Data excerpt
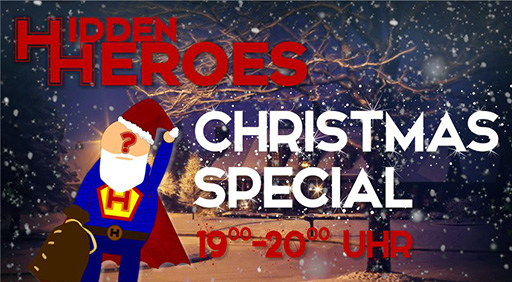 Hidden Heroes Weihnachts-Edition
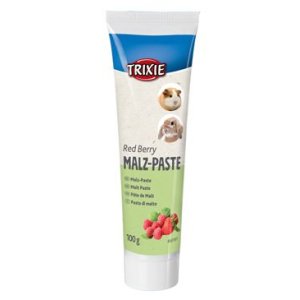 Trixie Sladová pasta pre hlodavce Red Berry - s lesnými plodmi, 100g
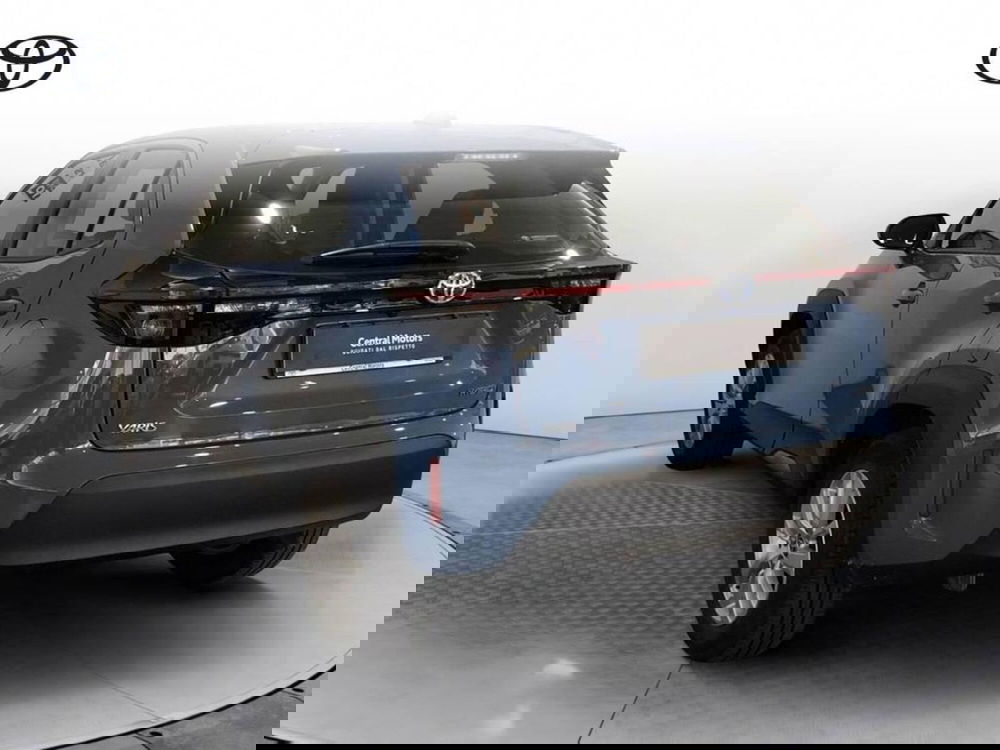 Toyota Yaris Cross usata a Torino (5)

What to do
Output the listing above exactly, but leave its pictures behind.

Answer space
 Hidden Heroes Weihnachts-Edition
 Trixie Sladová pasta pre hlodavce Red Berry - s lesnými plodmi, 100g
 Toyota Yaris Cross usata a Torino (5)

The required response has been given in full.